Performance Engineering: Understanding and Improving the Performance of Large-Scale Codes
Understanding and enhancing the performance of large-scale scientific programs is a crucial component of the high-performance computing world. This is due not only to the increasing processor count, architectural complexity and application complexity that we face, but also due to the sheer cost of these systems. A quick calculation shows that if one can increase by just 30% the performance of two of the major SciDAC1 applications codes (which together use, say, 10% of the NERSC and ORNL high-end systems over three years), this represents a savings of some $6 million.

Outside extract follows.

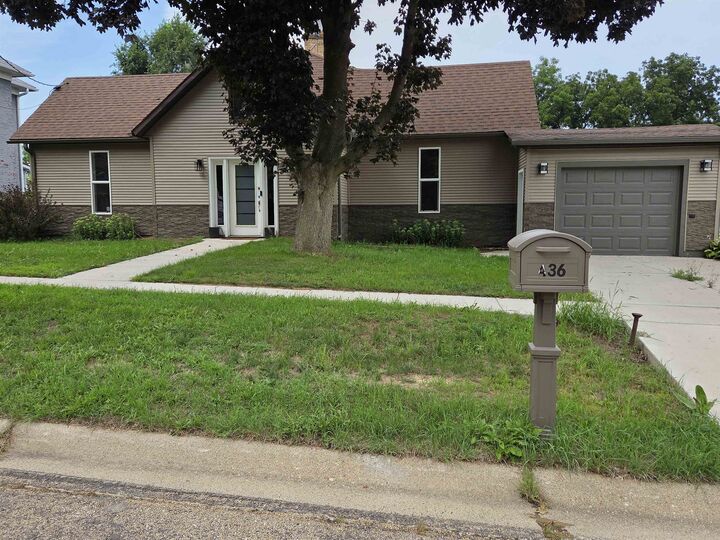 Property Photo: 436 Hubbard IL 61089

Within just five years, systems with one million processors are expected, which poses a challenge not only to application developers but also to those engaged in performance tuning. Earlier research and development by us and others in the performance research area focused on the memory wall – the rising disparity between processor speed and memory latency. Now the emerging multi-core commodity microprocessor designs, with many processors on a single chip and large shared caches, create even greater penalties for off-chip memory accesses and further increase optimization complexity. With the release of systems such as the Cray X1, custom vector processing systems have re-emerged in U.S. markets. Other emerging designs include single-instruction multiple-data (SIMD) extensions, field-programmable gate arrays (FPGAs), graphics processors and the Sony-Toshiba-IBM Cell processor. Understanding the performance implications for such diverse architectures is a daunting task.

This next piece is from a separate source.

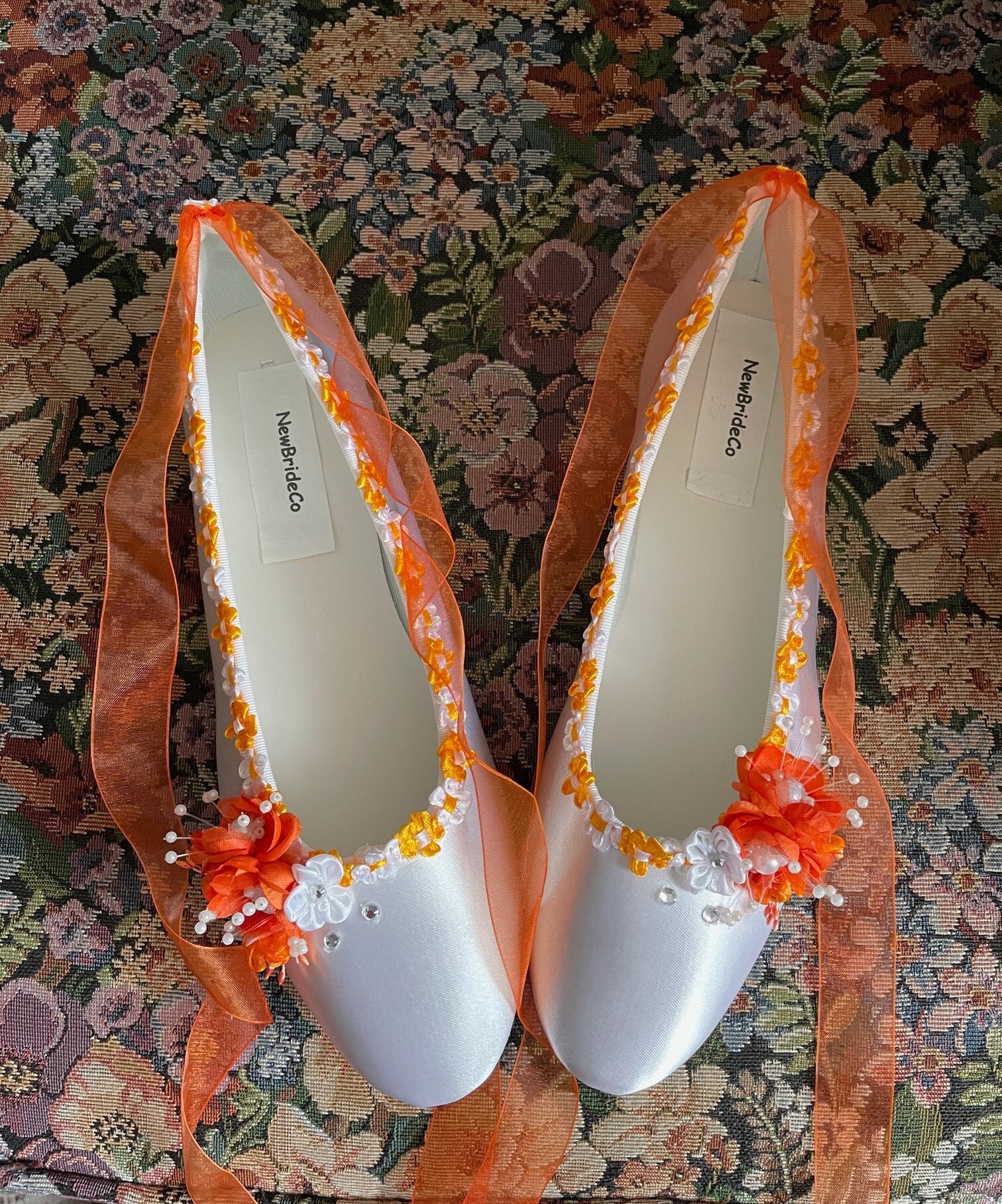 Wedding Flat Shoes Tangerine Orange & White, Flowers White Satin Ballet Style Slipper, Lace Up Ribbon Orange Flats, Ballerina Style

In concert with the growing scale and complexity of systems is the growing scale and complexity of the scientific applications themselves. Applications are increasingly multilingual, with source code and libraries created using a blend of Fortran 77, Fortran-90, C, C++, Java, and even interpreted languages such as Python. Large applications typically have rather complex build processes, involving code preprocessors, macros and make files. Effective performance analysis methodologies must deal seamlessly with such structures. Applications can be large, often exceeding one million lines of code. Optimizations may be required at many locations in the code, and seeming local changes can affect global data structures. Applications are often componentized and performance can depend significantly on the context in which the components are used. Finally, applications increasingly involve advanced features such as adaptive mesh refinement, data intensive operations and multi-scale, multi-physics and multi-method computations.

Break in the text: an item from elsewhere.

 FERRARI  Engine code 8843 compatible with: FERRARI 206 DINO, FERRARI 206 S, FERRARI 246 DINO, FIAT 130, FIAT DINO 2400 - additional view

The PERI project emphasizes three aspects of performance tuning for high-end systems and the complex SciDAC applications that run on them: (1) performance modeling of applications and systems; (2) automatic performance tuning; and (3) application engagement and tuning. The next section discusses the modeling activities we are undertaking both to understand the performance of applications better and to be able to determine what are reasonable bounds on expected performance. Section 3 presents the PERI vision for how we are creating an automatic performance tuning capability, which ideally will alleviate scientific programmers of this burden. Automating performance tuning is a long-term research project, and the SciDAC program has scientific objectives that cannot await its outcome. Thus, as Section 4 discusses, we are engaging with DOE computational scientists to address today’s most pressing performance problems. Finally, Section 5 summarizes the current state of the PERI SciDAC-2 project.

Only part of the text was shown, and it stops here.